DATA SHOWN START

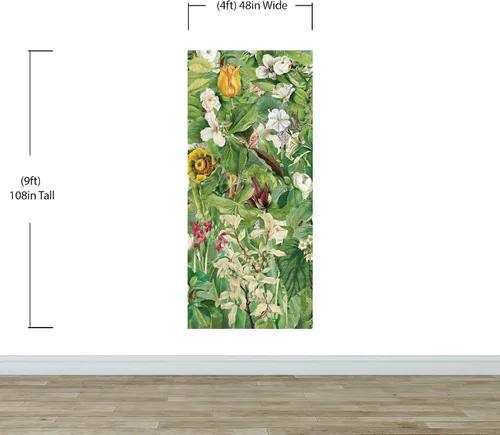Vista 2 de Botanical Vegetation Garden Wall Mural. Color Pencil Artwork of Flower Garden Peel and Stick Wallpaper. Rainforest Jungle Botanical Flowers and
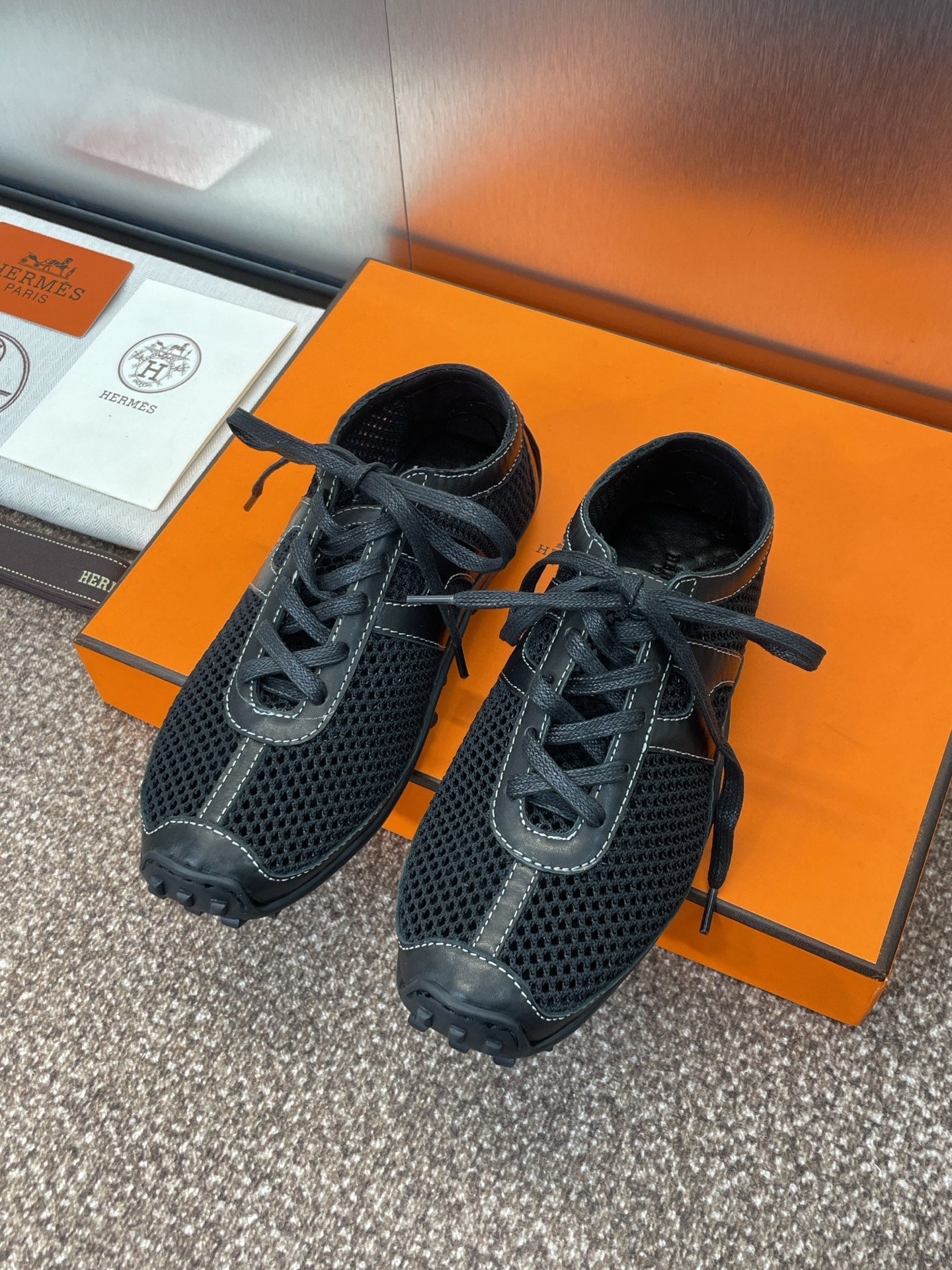 HM 25C Kiga Sneaker Black Crochet knit with Calfskin 208290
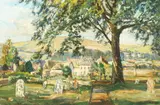 British, View of a town with hills beyond by Emily Beatrice Bland, oil on canvas, offered Dec 2020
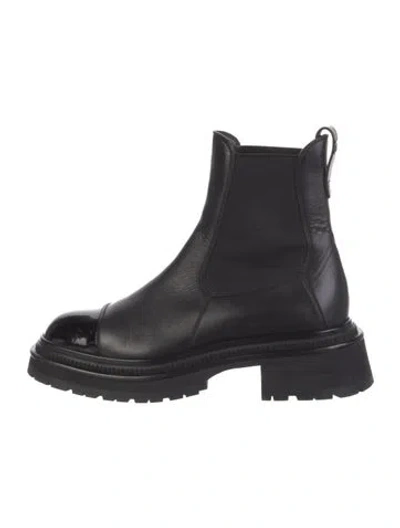 Pre-owned Chanel 2022 Interlocking Cc Logo Chelsea Boots In Black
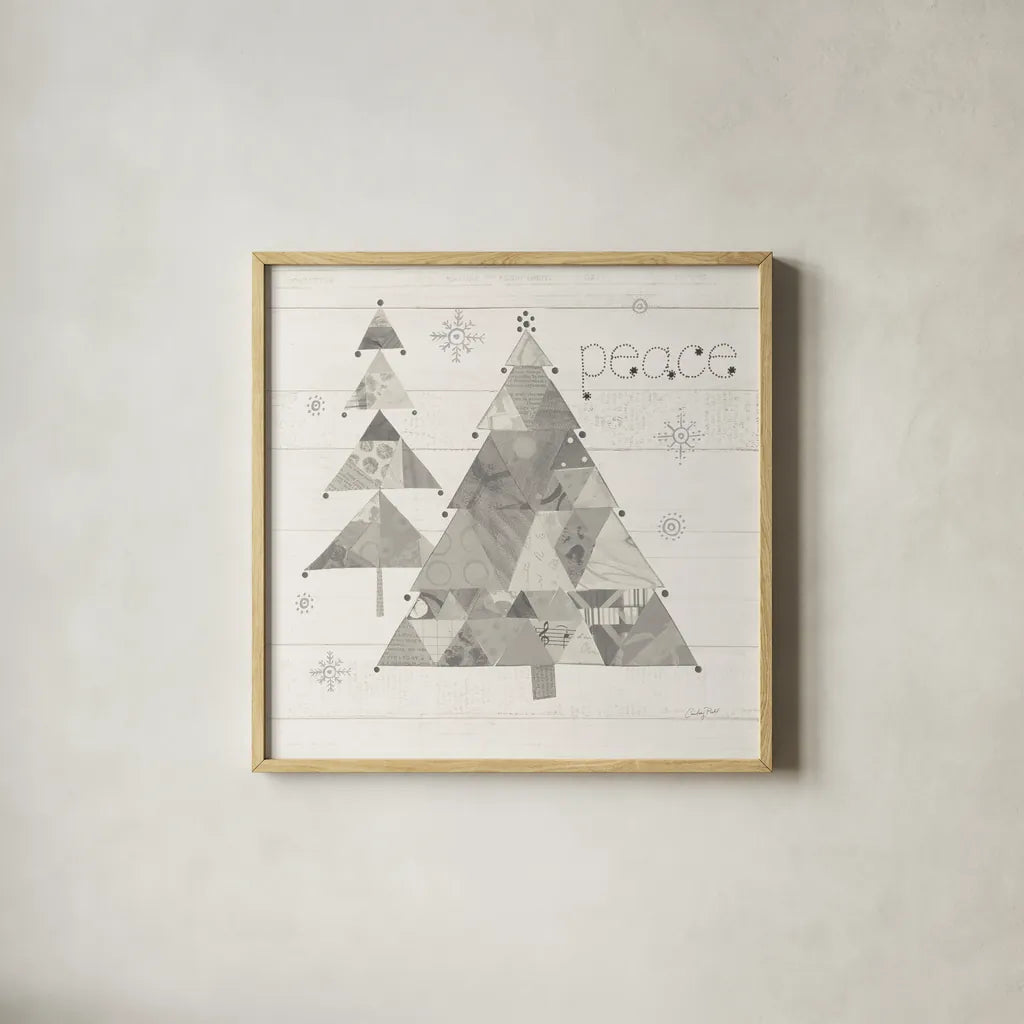 Christmas Patchwork IV Neutral by Courtney Prahl. Shown in a natural wood glass frame for a timeless modern aesthetic. Available as an archival giclee rolled canvas, fine art paper, or poster print. SKU 39814a.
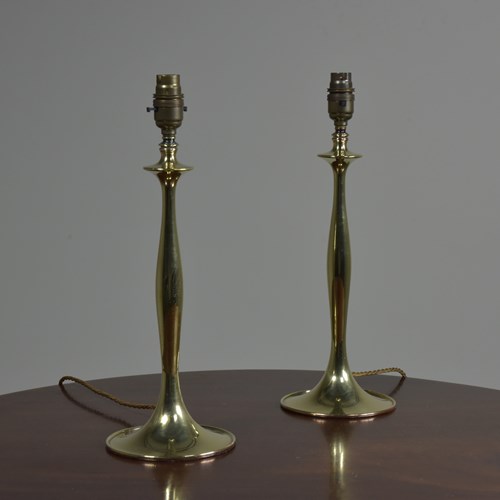 Trumpet Based Brass Pair Lamps  By Russell Erwin & Co.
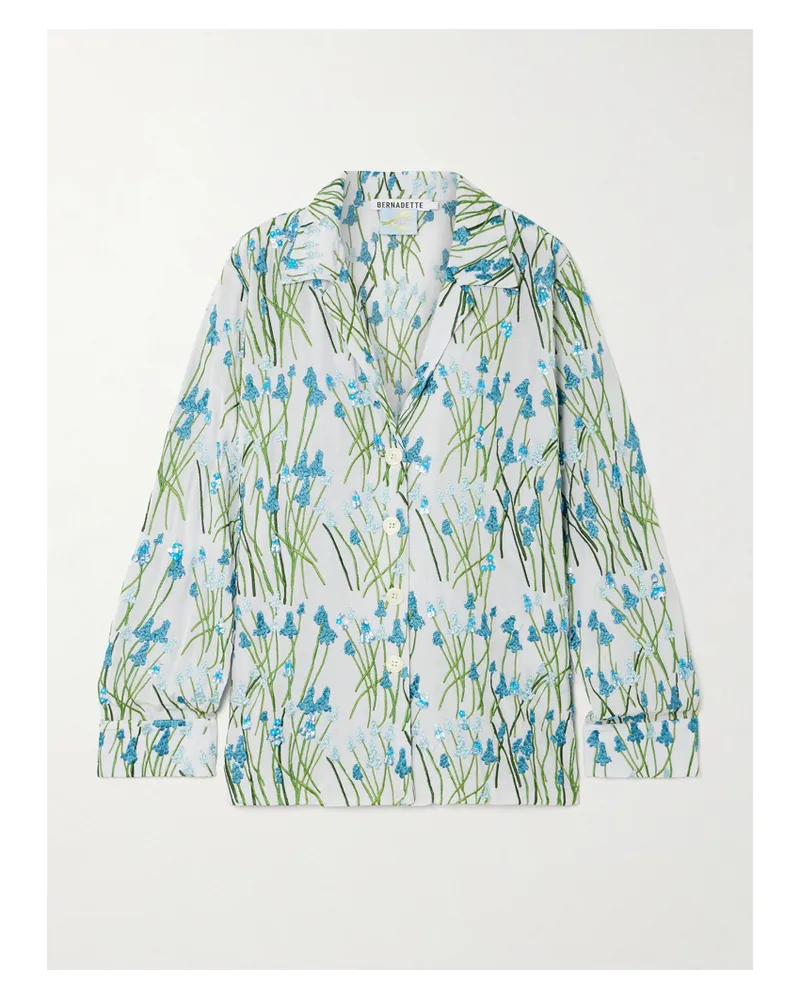 BERNADETTE Louis Pyjama-hemd Aus Seide Mit Stickereien Und Verzierungen - Blau Blau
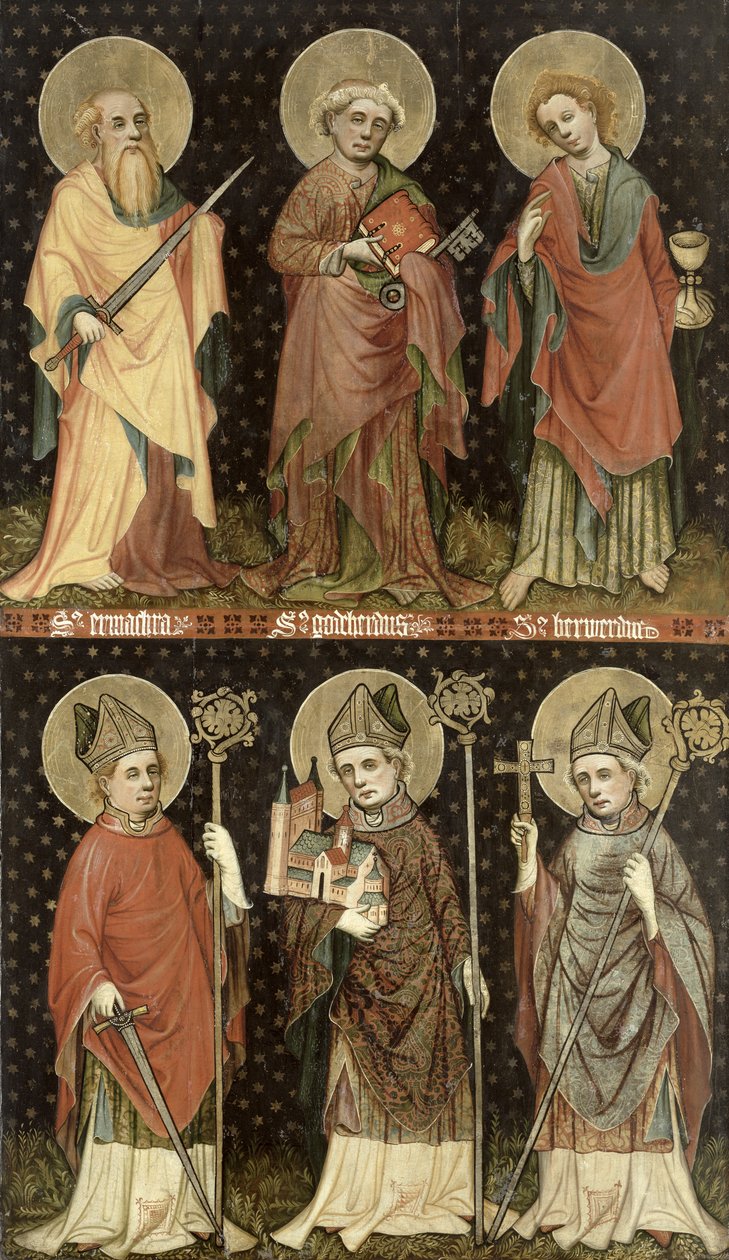 Seks hellige av Master of the Holy Barefoot Altarpiece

DATA SHOWN END

WHAT THIS TASK INVOLVES:
Please output exactly the lines of the data above, from its first line through the line with "British, View of", and nothing else; drop the pictures.

REPLY:
Vista 2 de Botanical Vegetation Garden Wall Mural. Color Pencil Artwork of Flower Garden Peel and Stick Wallpaper. Rainforest Jungle Botanical Flowers and
 HM 25C Kiga Sneaker Black Crochet knit with Calfskin 208290
 British, View of a town with hills beyond by Emily Beatrice Bland, oil on canvas, offered Dec 2020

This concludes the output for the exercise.